Copy link to clipboard
Copied
Hi Charlie,
On re-reading my replies I realize they might give the impression that I disagree with your point. Sorry.
With "changing of var names" and "websites built with ColdFusion Standard would only handle one visitor at a time" I meant something else. Namely, the independence of the server's responses to separate CFM requests. Best-practice in encapsulation and client-server architecture require that the client know nothing about how the server handles in-coming requests. Further explanation follows in a moment.
But first, I agree with your point about ColdFusion's Enterprise Feature Router (EFR). In fact, given its importance. I shall repeat it here. Lest there be any confusion.

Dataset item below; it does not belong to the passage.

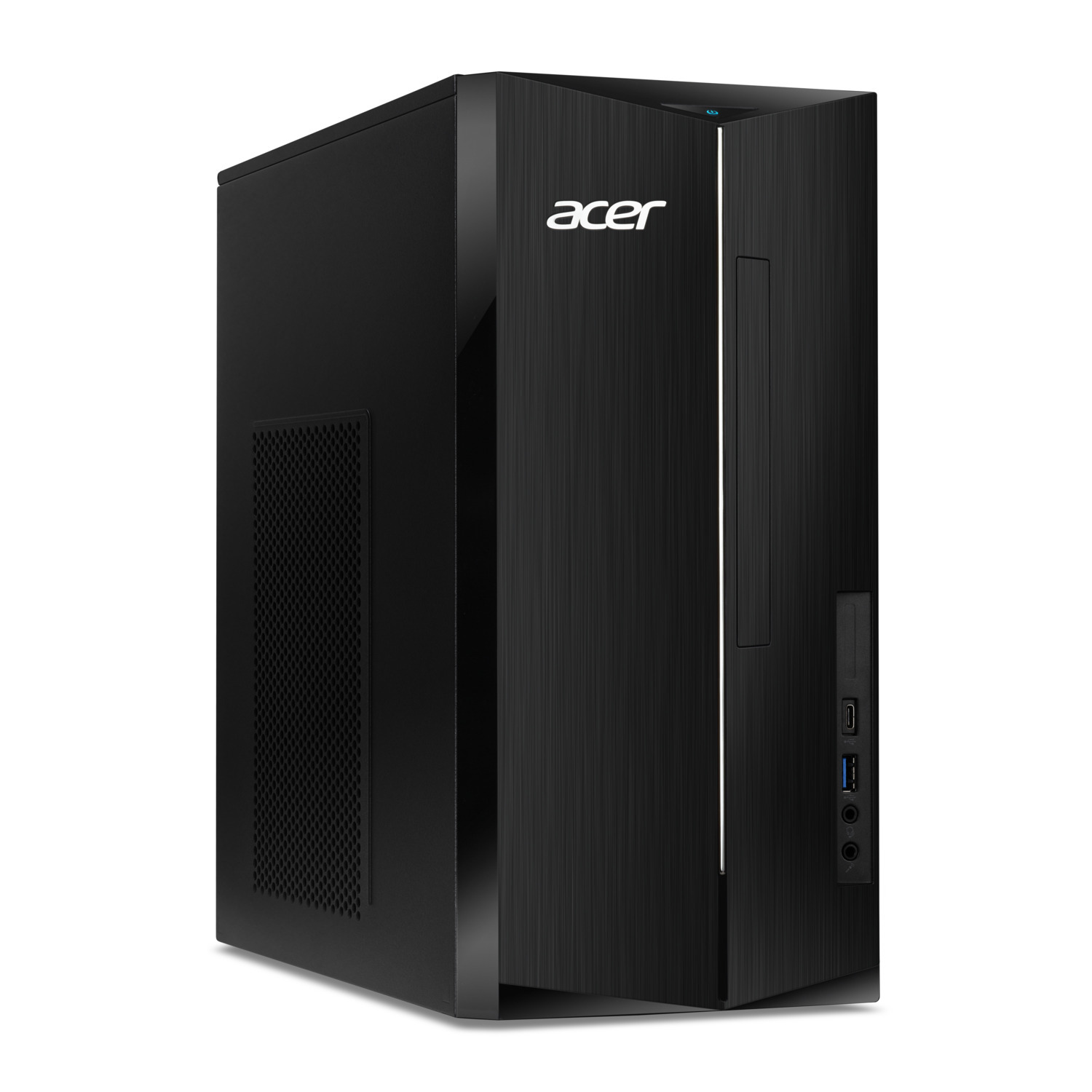 A black Acer computer tower standing on a white surface.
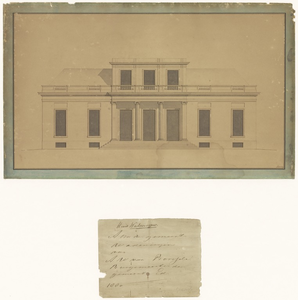 860 Het vooraanzicht van het Huis Wadenoijen, gebouwd in [1810] en gesloopt in [1882], , , [1810]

The EFR restricts ColdFusion Standard Edition to one, single thread when processing a function or tag in any of the following categories:
Asynchronous CFML Gateway
Data Management Service
Data Services Messaging
Directory Watcher Gateway
Enterprise IM Gateways (Sametime and XMPP)
Gateway Architecture
Interface For Publish/Subscribe Using Web Socket
JMS Gateway
Microsoft Office 2010 Excel Support
Online Presentation Generation
PDF Document Manipulation
PDF File Generation From Html
PDF Form Processing
Server-Side Printing
SMS Gateway
Structured Reporting
TCP/IP Socket Gateway
There is no such restriction in ColdFusion Enterprise Edition. There these functions and tags each enjoy multi-threaded access and processing.
Now, to the point I wish to make. The suggestion to use distinct names for variables is to avoid them being overwritten. In spite of the EFR restriction in ColdFusion Standard, multiple CFM requests may access an EFR-restricted function or tag, such as <cfspreadsheet>, simultaneously. ColdFusion Standard does not queue or block the requests. It queues or blocks just that part of the request that invokes the function or tag.
The remaining business of the CFM request is not queued or blocked. The moment ColdFusion finishes processing the EFR-restricted function or tag it hands processing back to the respective request threads. Typically, the remaining business may consume the most execution time in the request-thread. But that wont be because of the EFR restriction.
To conclude, in spite of the EFR restriction, ColdFusion Standard has been optimized to give the semblance of multi-threading.